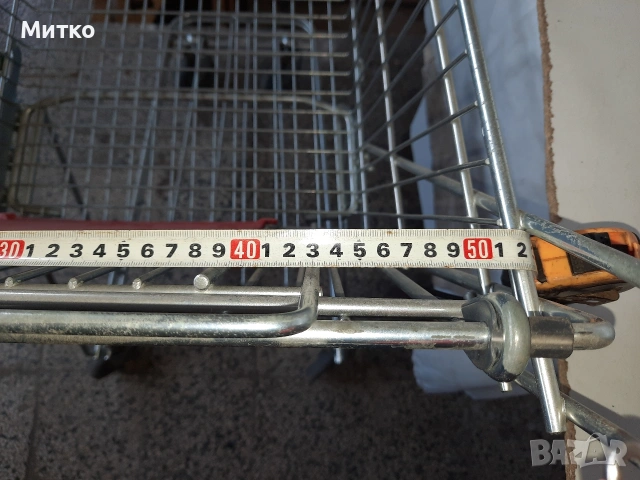 Голяма пазарска метална количка с 4 колелета за пазаруване марка WANZL модел D101RC, снимка 9 - Други - 53974731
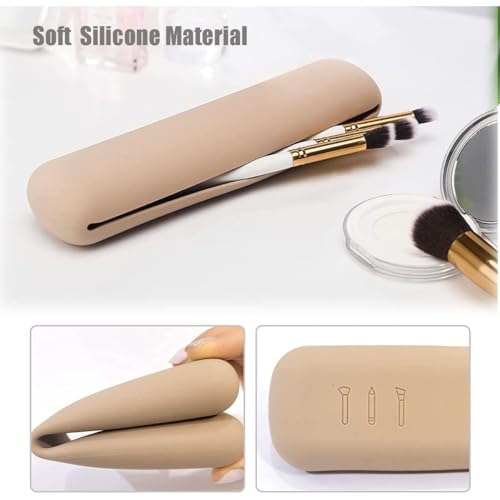 GENERIC Suporte de pincel de maquiagem Travel Essentials, organizador de pincéis de maquiagem portát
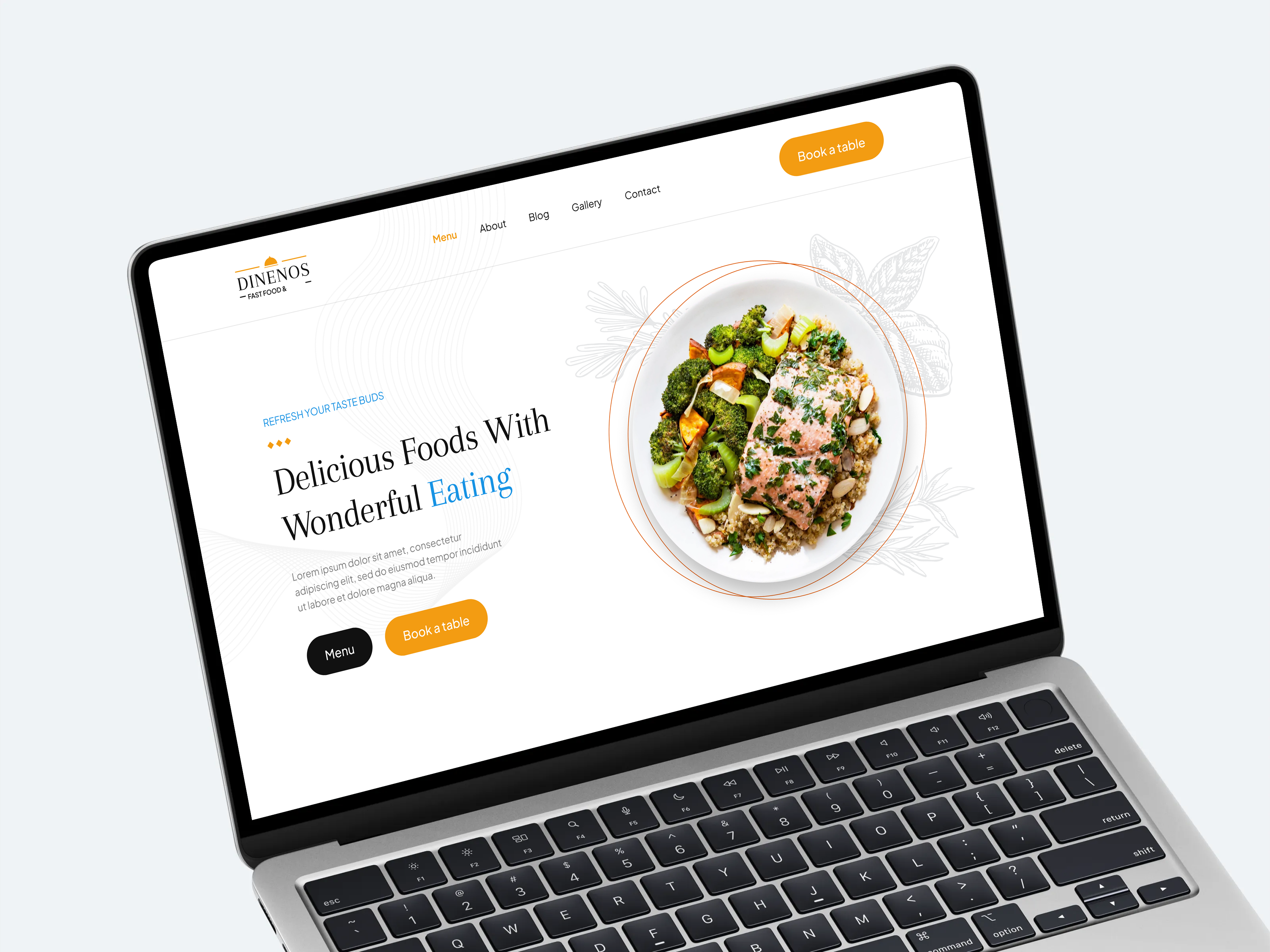 Restaurant Website Template ecommerce food delivery food landing page food website home page koushik restaurant homepage design restaurant landing page restaurant ui restaurant ui design restaurant website restaurant website design ui website western dishes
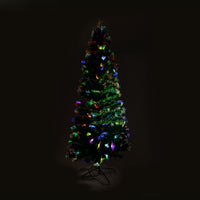 Thumbnail for Christabelle 1.5m Enchanted Pre Lit Fibre Optic Christmas Tree Stars Xmas Decor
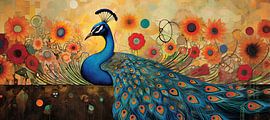 Pfau Gemälde von Blickfänger Gemälde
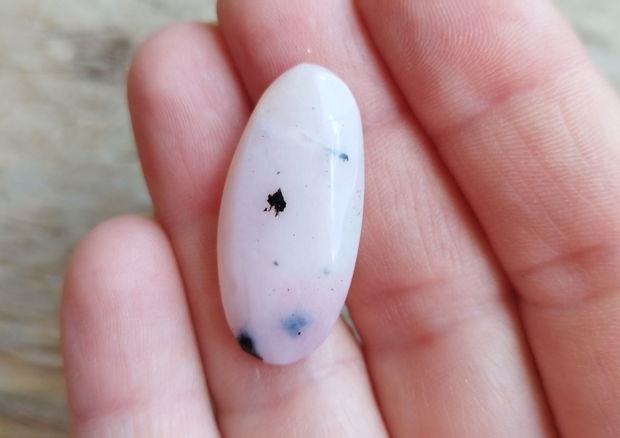 Cabochon opal roz, 32x16 mm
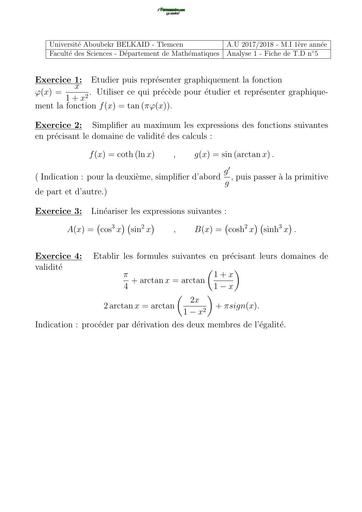 Analyse 1 2017 2018 Fiche 5 BY TEHUA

-------

▶ [Problem to work on]: Pictures in the data above should not be copied; transcribe everything else exactly.

▶ [Reply to the task]:
 Голяма пазарска метална количка с 4 колелета за пазаруване марка WANZL модел D101RC, снимка 9 - Други - 53974731
 GENERIC Suporte de pincel de maquiagem Travel Essentials, organizador de pincéis de maquiagem portát
 Restaurant Website Template ecommerce food delivery food landing page food website home page koushik restaurant homepage design restaurant landing page restaurant ui restaurant ui design restaurant website restaurant website design ui website western dishes
 Thumbnail for Christabelle 1.5m Enchanted Pre Lit Fibre Optic Christmas Tree Stars Xmas Decor
 Pfau Gemälde von Blickfänger Gemälde
 Cabochon opal roz, 32x16 mm
 Analyse 1 2017 2018 Fiche 5 BY TEHUA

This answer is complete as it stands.